1. As we know L1 regularization's main feature is sparsity. It means that it pushes the coefficients of the linear regression to be zero. We can see that feature just by comparing the plots of the normal LR and the Lasso. Many of the coefficients in the Lasso are zero or at least near zero (As we are adding a penalty equal to the absolute value of the coefficients, our model tends to have smaller coefficients and thus we'll have many zero values between them). 

    In the first glance we can see the difference between their sparsity. When we use the Lasso our coefficients have more sparsity and most of them are zero or at least so close to zero, but in the Ridge our coefficients are not forced to be exactly zero, they're just pushed to be small and not necessarily zero. This also indicates a feature selection act that is done by the Lasso. Lasso tends to kinda ignore the less important features and gives them zero coefficients and by that it acts as a feature selector, but the Ridge doesn't act like that and gives all of the features their corresponding coefficients to just ensure that the L2 norm is small.

    So basically their key differences are the sparsity that Lasso has compared to the Ridge (Lasso pushes the coefficients to be small and mostly zero, but Ridge just pushes them to be small) and also the feature selection act that Lasso has (and Ridge doesn't have) when dealing w/ the features.



2. As alpha increases, the coefficients of features are penalized more heavily. In Ridge regression (L2 regularization), all coefficients are shrunk but remain non-zero, while in Lasso regression (L1 regularization), some coefficients can be completely reduced to zero, effectively performing feature selection. This means that different features can be affected differently based on their relevance to the target variable and their correlation with other features.

    By shrinking coefficients, especially in Lasso regression, regularization can enhance model interpretability. A model with fewer non-zero coefficients is easier to explain and understand since it highlights only the most relevant features. This is particularly beneficial in high-dimensional datasets where many features may contribute little to the predictive power.
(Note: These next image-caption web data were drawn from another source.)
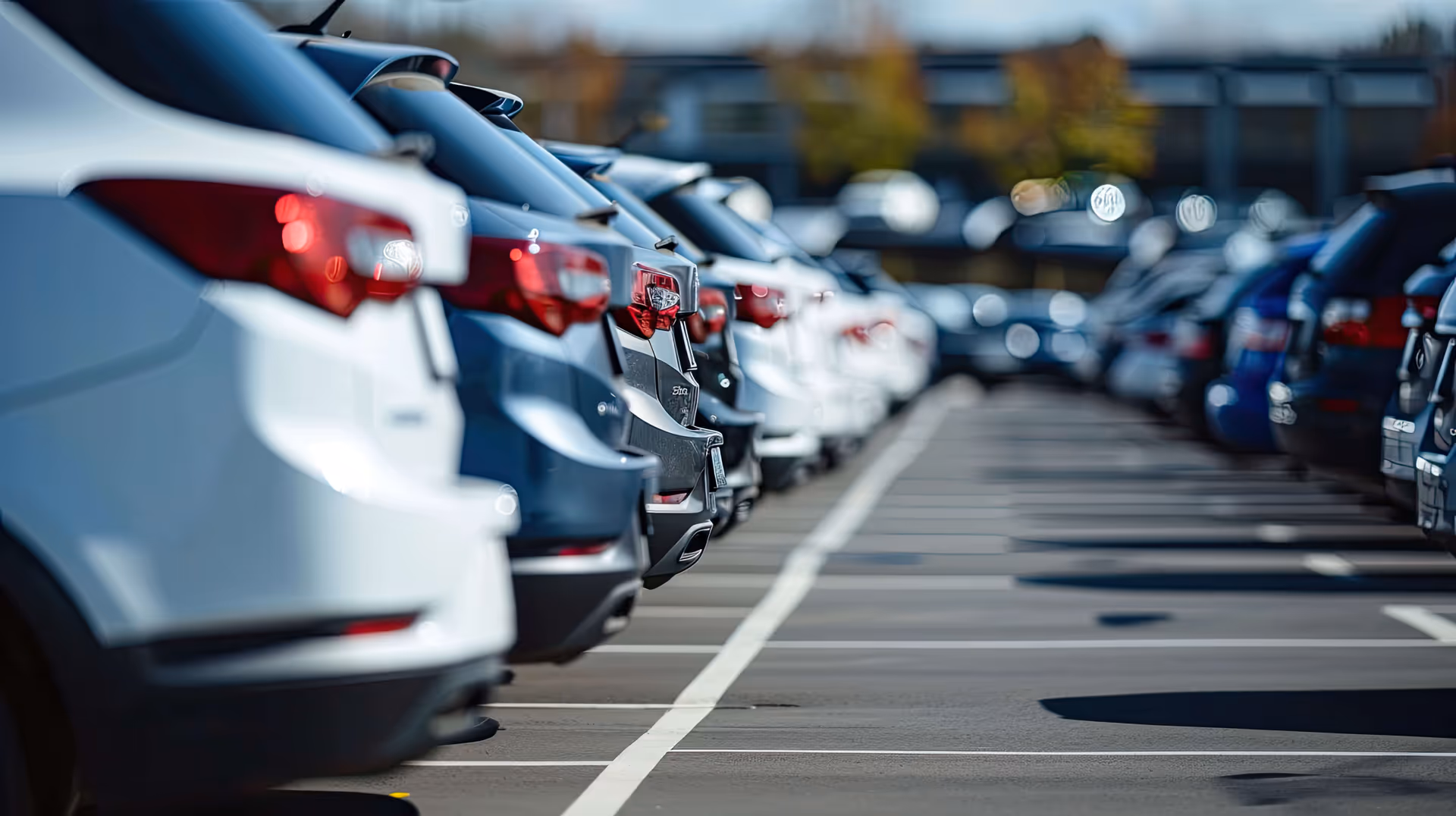 Row of parked cars aligned in an outdoor parking lot under daylight.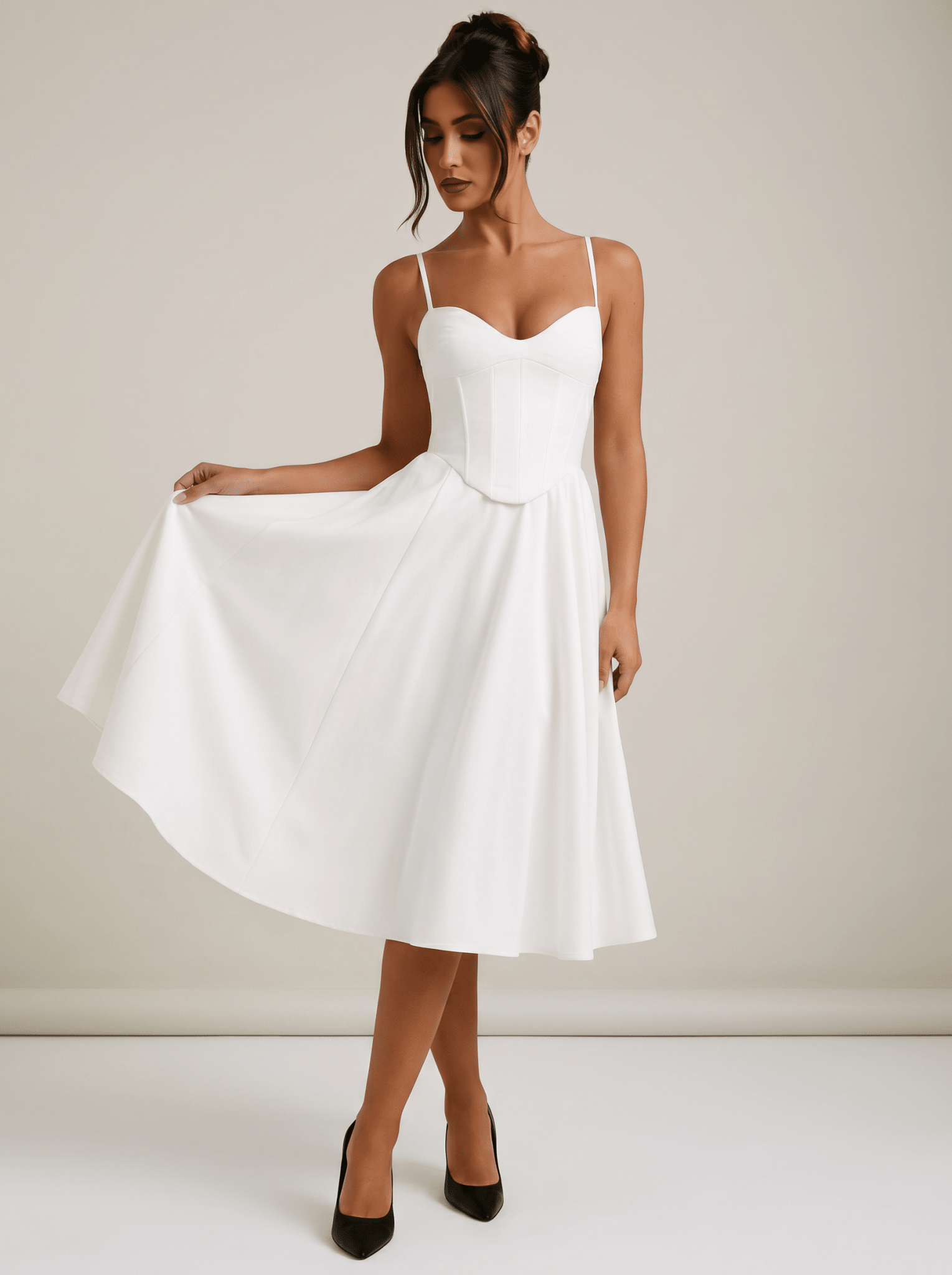 Midi Dress Women Spaghetti Strap Sleeveless Flared Skirt - Evergreen Outfits - Women Midi Dress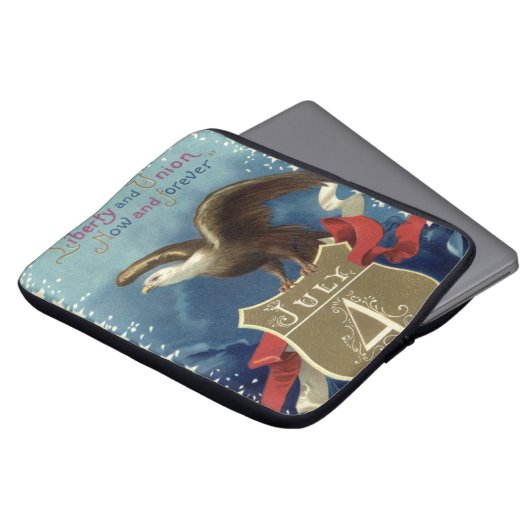 Vintager Patriotischer Amerikanische Unabhängigkei Laptopschutzhülle (Vorne Oben)
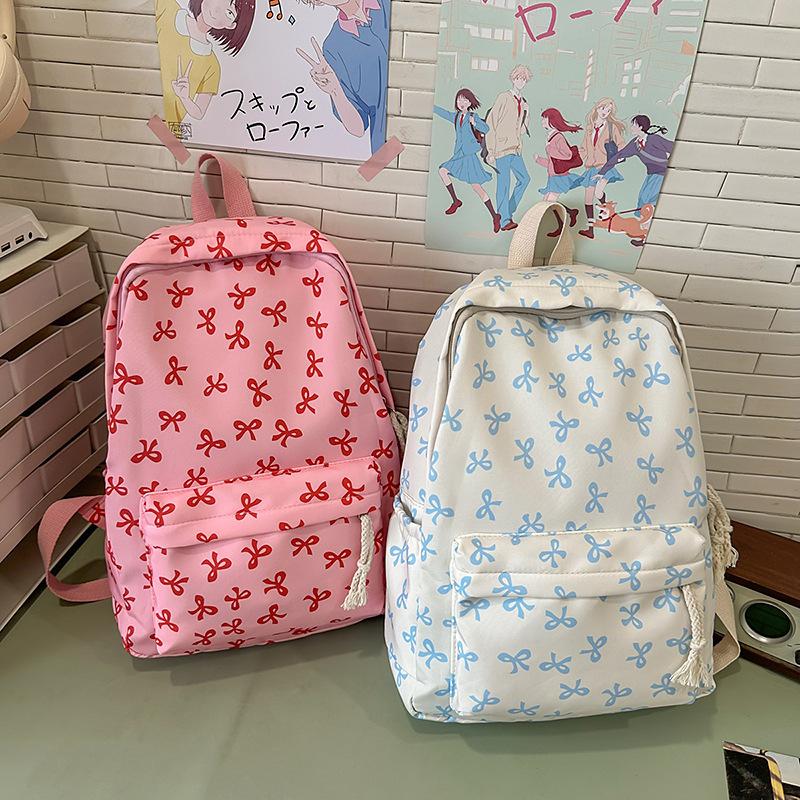 Schoolbag Women's Light Small Fresh Bow Backpack Junior High School Student College Student Campus School Bag Weight Burden Reduction Backpack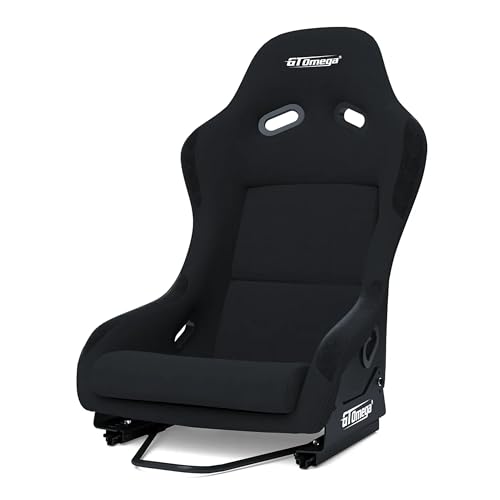 GT OMEGA - GT OMEGA CHASE V2 Bucket Seat Black XL - Lightweight Yet Stable Fibreglass Frame, with Adjustable Mounting Positions, for An Immersive Sim Racing Session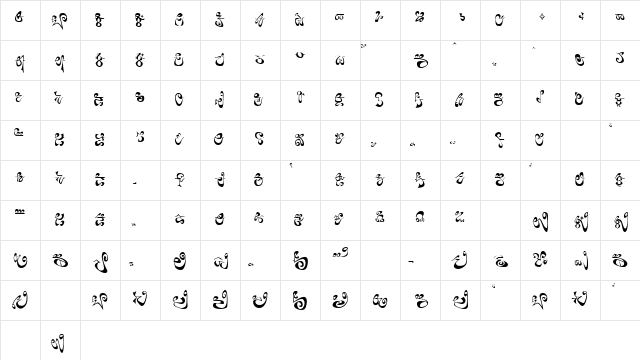Reverse Tsolyani Normal  glyph index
    Models with appropriate regularization tend to produce more stable coefficient estimates across different datasets or samples. This stability aids in understanding which features consistently contribute to predictions, enhancing overall explainability

3. Regularization helps control overfitting by penalizing large coefficients in the model. In high-dimensional spaces, models can easily become overly complex and fit noise rather than the underlying data structure. By introducing a penalty term (controlled by alpha), regularization restricts the complexity of the model, effectively managing the dimensionality of the feature space.

    Ridge regression (L2 regularization) does not eliminate coefficients but shrinks them towards zero. This shrinkage stabilizes coefficient estimates, particularly in high-dimensional settings where multicollinearity may be present. Stable coefficients mean that small changes in the data do not lead to large fluctuations in the model, which is crucial when dealing with expanded dimensions.

    Regularization introduces bias into the model but reduces variance by limiting how much coefficients can change based on fluctuations in the training data. This tradeoff is essential when working with high-dimensional data, as it helps maintain predictive performance while controlling for overfitting.